The danger is if you actually enact those tariffs, you don’t get what you want, which is near-shoring and supply chains in North America, and you encourage Mexico to cooperate more with China if the negotiation breaks down. So it’s a dangerous strategy. It could help if it does bring Mexico to cooperate more. It could hurt if it pushes Mexico into Chinese arms.
Lindsay: During his first term, Trump raised tariffs on a large share of imports from China, and you mentioned that on the campaign trail he has promised at least 60 percent tariffs on all imports from China. What are you most concerned about, broadly speaking, in our economic competition with China?

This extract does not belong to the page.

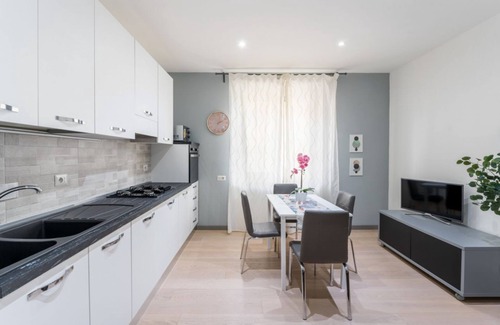 Aurelio Apartment | Silver Dream Cornelia, Elegant Apt with Car Park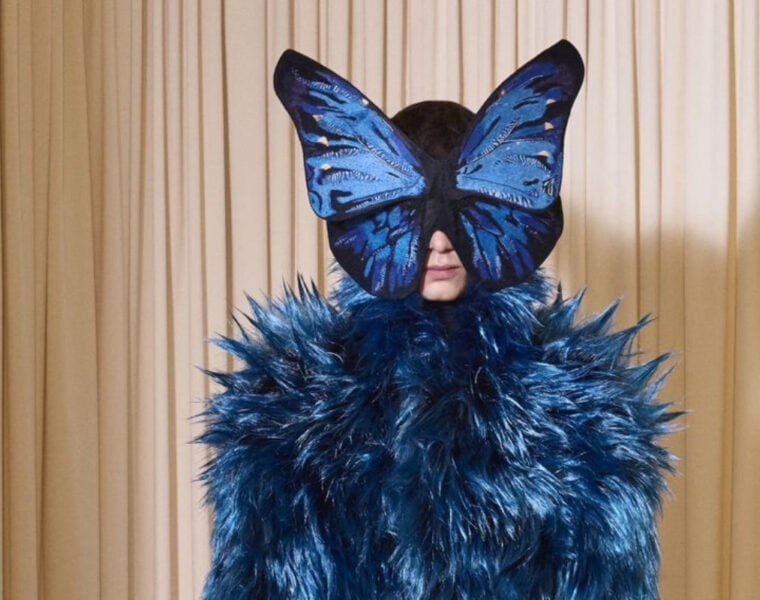 BALENCIAGA FALL COUTURE 24: UNA POESIA EN CAPAS Y UNA ESPECIAL CONQUISTA EN PARIS FASHION WEEK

Caroline Freund: I’m actually most concerned about an ‘own goal’ with respect to our competition with China. So, what does that mean? That means we’re so enamored with China’s industrial policy and China’s protectionism and China’s lack of immigration, we think that’s the way to succeed. The way to succeed in the U.S. has always been free markets, letting the most productive companies grow and export, and not trying to steer government resources through industrial policy to specific sectors. That can work really well when you’re inside the frontier of technology. It works a lot less well when you’re at the frontier because you don’t know which technologies will be successful. I’d much rather have businesses, academics focus on technologies and expansion than have the government steering it. So, I’m actually most worried about us going protectionist and that not helping.
A perfect example is immigration where that has been a superpower of the U.S. We can source talent from 8 billion people, because we’re open, rather than the 300 plus million in the U.S. That’s huge, being able to bring in talent. China doesn’t have that. So, really, I’m most concerned about our own policies ultimately hurting us with respect to our competition with China.
Lindsay: At the start of Trump’s first administration in 2017, you wrote that Trump was bringing a highly confrontational approach to trade policy and that the biggest danger was that that would unravel global cooperation, which we need so desperately in so many areas.
Trump’s approach remains highly confrontational and transactional. Who will this approach help and who will it hurt?
Caroline Freund: Yeah, so Trump has a very confrontational approach to trade policy, and not everyone is hurt by it. So if we look at the tariffs on China, it has been a boon for countries like Vietnam, Mexico, Thailand, India, Korea, and others who now can displace China in the U.S. market. There was already a bit of a shift of manufacturing out of China because wages were rising, and it’s really accelerated that shift. So it has been good for some.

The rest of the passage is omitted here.